Compared to traditional machine learning methods, deep learning approaches are better suited for handling 3D point-cloud data and possess stronger feature learning and expression capabilities. In the context of deep-learning-based methods for 3D point clouds, researchers have utilized the point cloud data generated by millimeter-wave radar, along with information such as distance, Doppler, and micro-Doppler, to extract features related to human poses. They employ deep learning neural networks, such as convolutional neural networks (CNN)14, long short-term memory (LSTM)15, and 3D residual network (Res3D)16, and further utilize voxelization to address the sparsity and nonuniformity of point cloud data, to research human pose recognition. However, because of the sparsity of the point-cloud data generated by LiDAR, where data samples are far fewer than the number of voxels, LiDAR point-cloud data voxelization significantly increases the system memory and computational requirements, resulting in a large number of ineffective convolution calculations.

With the introduction of PointNet and PointNet++ 3D point cloud deep learning models by Qi et al.17,18 in 2016 and 2017, respectively, a new and effective approach emerged to address the issues associated with voxelization-based deep learning networks and point cloud disorder in 3D point cloud classification. Researchers19,20 have utilized the PointNet++ 3D point cloud deep learning method to improve the accuracy of human pose recognition through model enhancement, achieving higher recognition accuracy, which validates the advantages of the PointNet++ network in human pose recognition. However, all studies on PointNet++-based human pose 3D point cloud deep learning have focused on optimizing the network model to improve accuracy while neglecting the processing and optimization of the dataset. Most studies employing a single filtering method utilize the default furthest point sampling by PointNet++ to sample only once, setting the sample size to 1024 or 2048. The choice of the filtering method for water surface and underwater human-pose 3D point clouds necessitates secondary sampling for the methods involved, which needs to be investigated and explored along with the optimal sample size for achieving the highest recognition accuracy.

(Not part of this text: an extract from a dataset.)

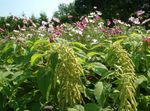 Фото Садовые Цветы Амарант хвостатый (Amaranthus caudatus), зеленый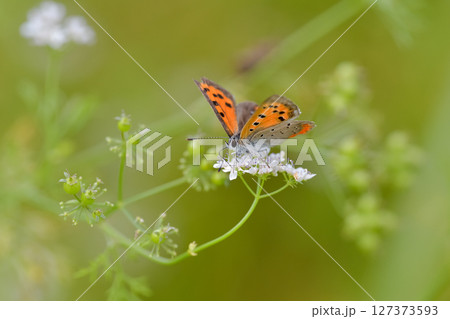 ベニシジミ ベニシジミ 127373593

To address the existing problems and limitations in current research, an experimental simulation platform was established in chapter 2. In chapter 3, three-dimensional point clouds of human body model postures were collected and different methods were applied to preprocess the point clouds. Finally, after temporalizing the point clouds, model training was performed to obtain highly accurate results. Analyzes and compares the accuracy of various methods in chapter 4. This study investigated human pose recognition on water surfaces and underwater environments using the PointNet++ spatiotemporal 3D point-cloud deep learning method. A spatiotemporal point-cloud dataset was constructed to identify human poses in water and underwater scenarios. Subsequently, a series of comparative experiments were designed based on the dataset. The study explored two filtering methods to determine the optimal one, analyzed the necessity of incorporating secondary sampling for the methods involved, and investigated the influence of the sample size on classification accuracy. Finally, from the combinations of the two filtering methods, two secondary sampling methods and five sample sizes were selected, and the combination with the highest accuracy constituted the optimal method for surface and underwater human poses. We have constructed a time point cloud dataset for water surface and underwater human pose recognition, and obtained the optimal combination of methods for water surface and underwater human pose recognition. The highest classification accuracy achieved using PointNet++ is 0.975012. The solutions to these problems provide important guidance for the application of the PointNet++ spatiotemporal 3D point-cloud deep learning method.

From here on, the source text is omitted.